The outcome will provide insights into the trajectory of China’s refinery runs, with expectations leaning towards a decline in November.
Russian President Vladimir Putin’s diplomatic visit to the United Arab Emirates and Saudi Arabia has added an extra layer of complexity to the oil market dynamics.
Discussions centered around the cooperation between Russia, the UAE, and OPEC+ in major oil and gas projects, highlighting the intricate geopolitical factors influencing oil prices.
U.S. Crude Production Hits Another Record, Posing Challenges for OPEC
U.S. crude oil production reached a new record in September, surging by 224,000 barrels per day to 13.24 million barrels per day.
The U.S. Energy Information Administration reported a consecutive monthly increase, adding 342,000 barrels per day over the previous three months, marking an annualized growth rate of 11%.
The surge in domestic production has led to a buildup of crude inventories and a softening of prices, challenging OPEC⁺ efforts to stabilize the market.

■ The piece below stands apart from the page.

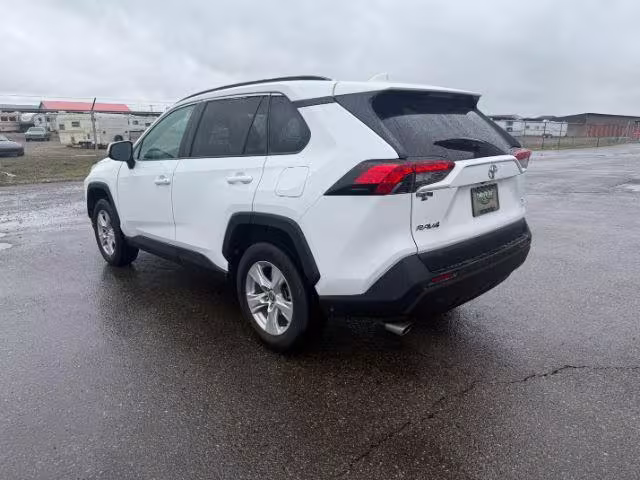 2021 Toyota RAV4 - 2T3P1RFV8MC219312 - Image #2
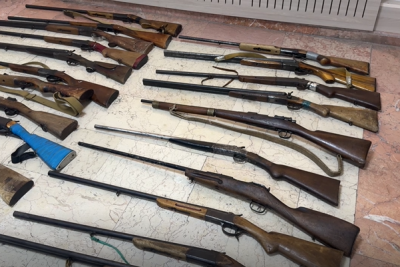 Qanunsuz saxlanılan silahlar polisə təhvil verilib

Despite a decrease in the number of active drilling rigs over the past year, U.S. production continues to rise.
This growth is attributed to enhanced drilling efficiency, with producers focusing on promising sites and drilling longer horizontal well sections to maximize contact with oil-bearing rock.
While OPEC⁺ production cuts have stabilized prices at relatively high levels, U.S. producers are benefiting from this stability.
The current strategy seems to embrace non-OPEC non-shale (NONS) producers, similar to how North Sea producers did in the 1980s.
Saudi Arabia, along with its OPEC⁺ partners, is resuming its role as a swing producer, balancing the market by adjusting its output.
Despite OPEC’s inability to formally collaborate with U.S. shale producers due to antitrust laws, efforts are made to include other NONS producers like Brazil in the coordination system.
This outreach aligns with the historical pattern of embracing rival producers to maintain control over a significant share of global production.
In contrast, U.S. gas production hit a seasonal record high in September, reaching 3,126 billion cubic feet.
However, unlike crude, there are signs that gas production growth is slowing due to very low prices and the absence of a swing producer.
Gas production increased by only 1.8% in September 2023 compared to the same month the previous year.
While the gas market is in the process of rebalancing, excess inventories may persist, keeping prices low.
The impact of a strengthening El Niño in the central and eastern Pacific Ocean could further influence temperatures and reduce nationwide heating demand, impacting gas prices in the coming months.